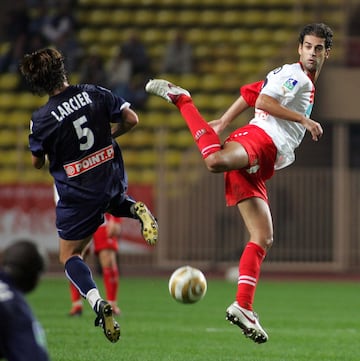 En 2005 firmó por el Monaco de la Ligue 1, a donde llegó como agente libre y permaneció hasta junio de 2007.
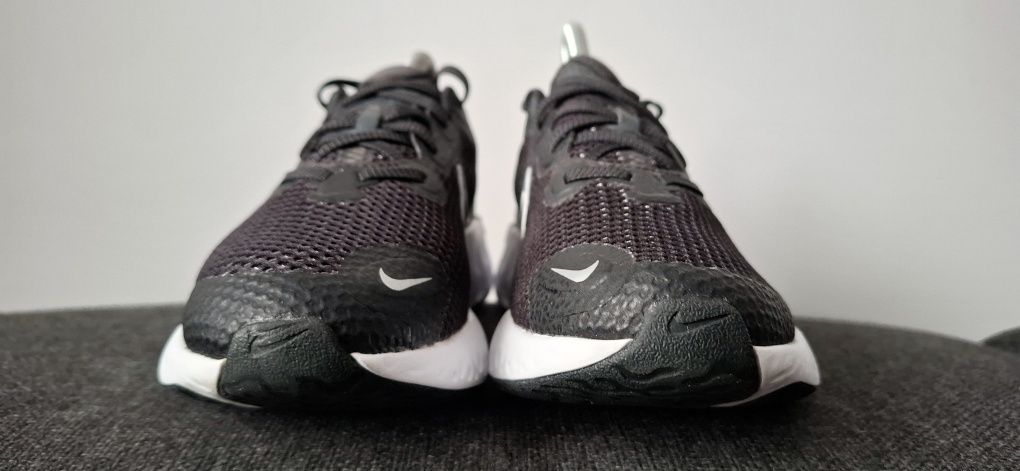 Nike Renew Run, damskie obuwie sportowe, adidasy, roz. 36,5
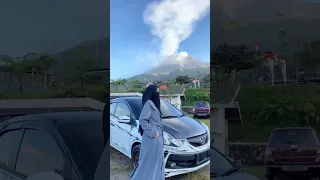 Masya Allah ukhti bercadar cantik, indah nya background pemandangan gunung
********************
▶ **EXERCISE REQUIREMENTS**: With the pictures excluded, retype exactly the lines from the one containing "Nike Renew Run, damskie" through the last line of the listing, both ends included.

▶ **TASK ANSWER**:
 Nike Renew Run, damskie obuwie sportowe, adidasy, roz. 36,5
 Masya Allah ukhti bercadar cantik, indah nya background pemandangan gunung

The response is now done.